The second room was the one-person reading perch. It is nestled under the dappled shade of the Coast Live Oaks and made of two small drystack stone retaining walls. We kept the patio small so as not to disturb the sensitive root systems of the oaks. We were also able to keep all the existing soil on site by not overcutting into slopes and using all the soil fill to create level ‘rooms’.

After: Reading perch under Coast Live Oaks

After: Reading perch under Coast Live Oaks

Walking further up the stairs, the third level room is dedicated to play. There is a small patch of shade loving lawn next to a play area. This level was already established in the existing landscape by the blue rock retaining wall. We were able to enlarge the level area by consolidating two failing shorter stacked concrete retaining walls into one three foot high retaining wall. Above this wall we dedicated to edible plants. We planted a blueberry patch with a mix of different varieties to provide a longer season of harvest with edible thyme to trail over the wall.

After: Play room. Shade tolerant grass and playground fiber overlook the raised veggie boxes with blueberry patch above existing stone wall

After: Play room. Shade tolerant grass and playground fiber overlook the raised veggie boxes with blueberry patch above existing stone wall

Finally, at the very top of the sloped garden, you reach the fire pit. This room existed in a dilapidated unusable state before because the huge eucalyptus tree roots had busted open the stone retaining wall. The stone was mortared together, leaving a huge crack right in the middle of the retaining wall. The existing patio underfoot was uneven and hard to access by a small offshoot of a staircase, only 18 inches wide. We reused the existing stacked concrete debris and created a new drystack concrete retaining wall further away from the eucalyptus root. The drystack nature of the retaining wall will move and shift as the roots grow, hopefully, not for a long time since we gave it more room to expand. The floor of the fire pit patio is decomposed granite which will also be forgiving and easy to repair if the roots decide to make an appearance.
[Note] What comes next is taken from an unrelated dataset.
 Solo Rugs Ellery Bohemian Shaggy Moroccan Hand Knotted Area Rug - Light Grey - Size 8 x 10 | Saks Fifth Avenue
Before: Eucalyptus tree breaking through mortared rock wall

Before: Eucalyptus tree breaking through mortared rock wall

After: Fire pit area reusing existing broken concrete to create drystack wall

After: Fire pit area reusing existing broken concrete to create drystack wall

All throughout this Oakland landscape we inserted fruit trees and edible plants. Rosemary and sage are used in planting beds amongst ornamental perennials. Fragrant lemon verbena and lavender attract hummingbirds. A strawberry patch grows just above the raised vegetable garden area. Kiwi vines grow on the fences. Persimmon, fig, pear, apple, plum, lemon and kumquat trees dot the sloped garden and fight to win the battle against the dense layer of eucalyptus leaves that can easily smother plants.

Towering Eucalyptus create a great amount of leaf litter

Towering Eucalyptus create a great amount of leaf litter


Eucalyptus leaf litter

Eucalyptus leaf litter

Limited sunlight, eucalyptus droppings and a mishmash of materials were all challenges in this Oakland backyard. Thanks to my clients, who were open to trying new things and appreciative of the whimsy and beauty of reusing materials, we were able to create a functional, beautiful and purposeful landscape. The overwhelming slope is safely accessible and provides a daily journey through shadow and light. This sloped garden, full of wildlife continues to evolve as the plants and trees grow in and the raised vegetable garden gets changed through the seasons.

After: View of fire pit room and various new and existing retaining walls. Old stone and concrete are artfully combined with existing broken concrete.

After: View of fire pit room and various new and existing retaining walls. Old stone and concrete are artfully combined with existing broken concrete.